*Aim of the task:*
Beginning at the line containing "Wholesale Short Bob", print every line until the records end, keeping each exactly as it is.

*Exercise material:*
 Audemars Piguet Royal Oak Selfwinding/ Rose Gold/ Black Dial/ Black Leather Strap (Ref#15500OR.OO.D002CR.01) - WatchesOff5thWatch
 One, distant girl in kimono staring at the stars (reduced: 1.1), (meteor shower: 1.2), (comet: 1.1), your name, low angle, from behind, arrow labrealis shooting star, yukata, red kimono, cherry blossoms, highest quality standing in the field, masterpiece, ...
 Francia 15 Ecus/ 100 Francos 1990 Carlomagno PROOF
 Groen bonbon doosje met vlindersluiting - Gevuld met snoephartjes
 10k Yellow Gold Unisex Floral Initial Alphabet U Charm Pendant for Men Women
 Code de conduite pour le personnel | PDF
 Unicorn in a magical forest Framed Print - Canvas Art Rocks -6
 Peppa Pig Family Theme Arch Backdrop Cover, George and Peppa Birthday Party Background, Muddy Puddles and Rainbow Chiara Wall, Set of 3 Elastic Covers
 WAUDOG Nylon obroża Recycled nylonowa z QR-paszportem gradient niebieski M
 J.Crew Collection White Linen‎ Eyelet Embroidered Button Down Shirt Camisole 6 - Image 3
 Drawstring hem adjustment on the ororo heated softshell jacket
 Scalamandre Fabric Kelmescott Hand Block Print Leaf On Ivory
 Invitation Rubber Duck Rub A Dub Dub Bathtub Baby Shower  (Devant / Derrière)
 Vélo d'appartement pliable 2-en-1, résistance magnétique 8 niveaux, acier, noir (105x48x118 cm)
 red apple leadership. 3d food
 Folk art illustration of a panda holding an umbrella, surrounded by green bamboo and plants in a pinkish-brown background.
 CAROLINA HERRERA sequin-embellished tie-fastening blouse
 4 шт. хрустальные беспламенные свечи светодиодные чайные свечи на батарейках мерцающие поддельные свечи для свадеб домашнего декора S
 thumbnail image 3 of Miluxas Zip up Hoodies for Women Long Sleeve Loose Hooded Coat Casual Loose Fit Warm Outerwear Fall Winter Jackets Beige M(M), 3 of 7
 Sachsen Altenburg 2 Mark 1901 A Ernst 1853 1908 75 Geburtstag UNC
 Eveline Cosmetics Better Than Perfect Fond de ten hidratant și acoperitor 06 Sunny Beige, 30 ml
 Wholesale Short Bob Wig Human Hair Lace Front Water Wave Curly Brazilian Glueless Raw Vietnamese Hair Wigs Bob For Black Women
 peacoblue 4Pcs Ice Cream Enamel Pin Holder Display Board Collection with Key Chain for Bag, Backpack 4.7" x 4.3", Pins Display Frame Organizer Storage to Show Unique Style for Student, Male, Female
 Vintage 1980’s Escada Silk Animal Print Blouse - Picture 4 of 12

*Answer to this exercise:*
 Wholesale Short Bob Wig Human Hair Lace Front Water Wave Curly Brazilian Glueless Raw Vietnamese Hair Wigs Bob For Black Women
 peacoblue 4Pcs Ice Cream Enamel Pin Holder Display Board Collection with Key Chain for Bag, Backpack 4.7" x 4.3", Pins Display Frame Organizer Storage to Show Unique Style for Student, Male, Female
 Vintage 1980’s Escada Silk Animal Print Blouse - Picture 4 of 12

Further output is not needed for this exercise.